Based on that comment, I am going to check the checkbox before I continue. Further, I didn’t know exactly what the ‘Deploy Essbase in standalone mode’ did. The install documentation for this this setting states ‘select to use legacy security for Essbase Server instead of Shared Services security’. I am also going to select this option as I don’t want to have my Essbase security automatically externalized to Shared Services. My reason for not externalizing is that if security is not externalized, then you can run Essbase without having Shared Services running. Despite the fact that my laptop is pretty powerful (Core2 Duo w/4 Gb RAM), I sometimes shut down Shared Services and Oracle to maximize memory; Essbase will run fine without Shared Services running in using this configuration.
This is how the dialog looked when I hit the ‘Next’ button:
Finally, the information gathering is complete and you have one final chance to confirm everything before the configuration starts:
Hit ‘Next’ and let it rip! Once it is complete, here is what the dialog should look like:
The ‘Register with Shared Services’ task failed as I chose to install Essbase in standalone mode.

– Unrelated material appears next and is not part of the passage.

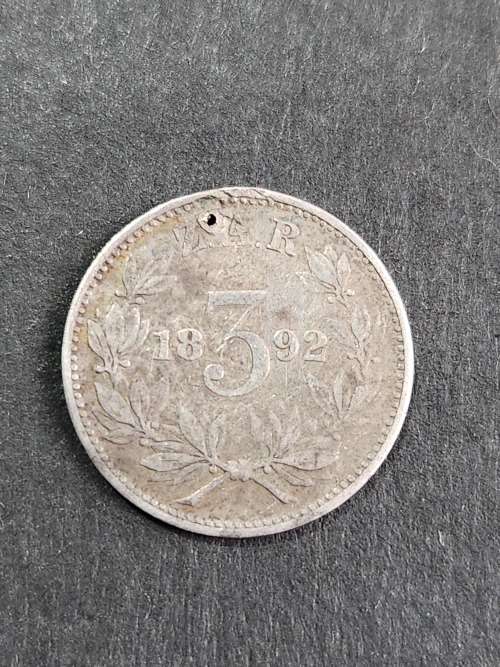 ZAR Threepence 1892 - as per photograph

Now that installation is complete, here are the services that are running:
Note that OpenLDAP, Shared Services, HABNet and Provider Services all started up but Essbase did not nor will it start if when I try to start the service. The procedure you should follow if this occurs is to try to run Essbase in a command window where any errors will be displayed in the window.
Navigating to start Essbase manually was really my first chance to explore the new directory structure. In the System 9 version, the different parts of the system were installed in the HYPERION_HOME location which was typically C:\Hyperion on a windows system. In version 11.1.1, all of the products are rooted in the new ‘products’ subdirectory with the Essbase subsystem products in ‘products\Essbase’ and Shared Services in ‘products\Foundation’. Here is what my ‘products\Essbase’ directory looks like:
To start Essbase in a command window, you have to navigate to the ‘products\Essbase\Essbase Server\bin’ subdirectory, type ‘essbase’ and press Enter. Here is the result:
It now occurs to me that I was not prompted to enter this basic Essbase information during the install probably due to the fact that security externalization is now the default behavior. The person who installs Essbase and choose ‘standalone’ mode is apparently now responsible to start Essbase in the command window and enter the basic Essbase security information. Actually, this was standard operating procedure back in the early days of Essbase. Here is a screenshot after I started Essbase and entered the information:
Once I entered these items when I started Essbase in the command window the first time, the service started and ran normally.
After following these steps, I was up and running with Essbase and the other products I had selected. Within a few days, I plan to post a PDF file with this content to make it easier for you to print this content. Finally, I hope your installation experience is a smooth as mine was.